[Date Prev][Date Next][Thread Prev][Thread Next][Date Index][Thread Index]

Re: [Condor-users] Standard universe - Job submission... Problem



Hello,

On Mon, Mar 05, 2007 at 09:43:45AM -0600, Sridhar Karra wrote:
> I am having issues submitting jobs (Standard Universe) on condor pool.
> Vanilla jobs runs fine with no problem. Any standard universe job just
> sits in the queue and jump between Idle and Running stages.
> 
> Any simple job even the "printf("hello world");" submitted via standard
> universe fails to execute. I did compile the job using condor_compile
> before i submit it to the pool.
> 
> My question is:
> 1. Do I have to change any configurations (global or local)?
> 2. Am I doing something wrong? or Am I missing something here?

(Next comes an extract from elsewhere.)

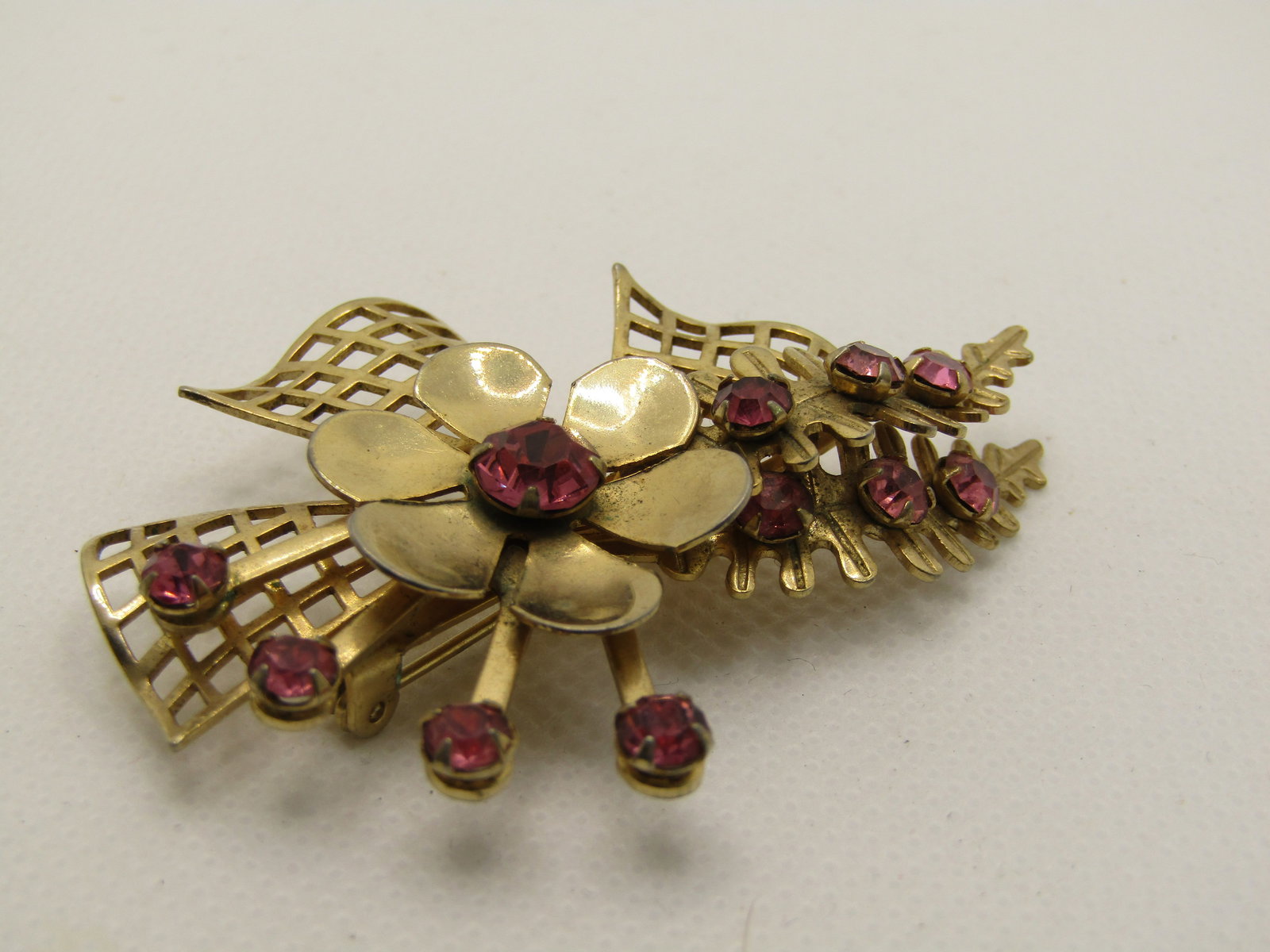 Vintage 1960's Rhinestone FlorMod Brooch, 2.25" - 2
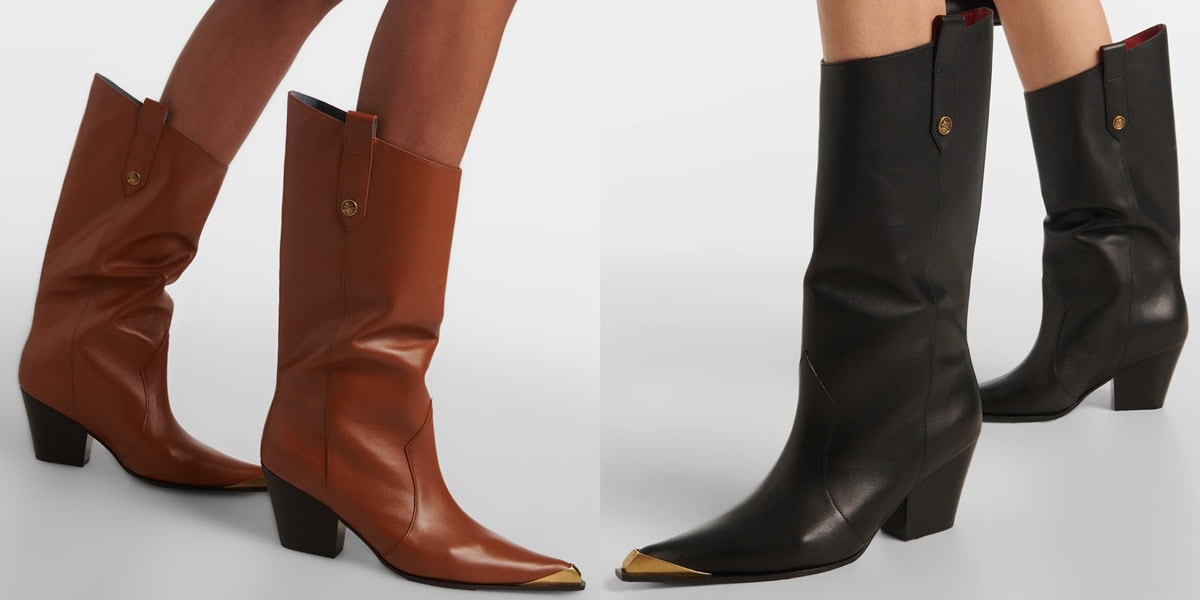 A pair of mid-calf Etro leather boots in black and tan featuring pointed gold metal toe caps and block heels showcasing a modern Western-inspired design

There are a few things you can look at, such as did you mispell:
universe = standard
in your submit description file?

If not, the best way to debug it is thus:

1. In the local config file for the submit machine add D_SYSCALLS and
D_FULLDEBUG to the SHADOW_DEBUG macro.

2. For your execute machines, add D_FULLDEBUG to STARTER_DEBUG.

Then, resubmit the job. (or you can just fix the debugging on one execute
machine and force the job to run there)

When it fails, check out the starter log on the execute node where the
job ended up running, you'll probably see the cause of the error right
away....unless the logfile just ends abruptly, in which case the starter
segfaulted and we definitely need to check that out.

The shadow log will record how far along it got while talking to the starter.

Thank you.

-pete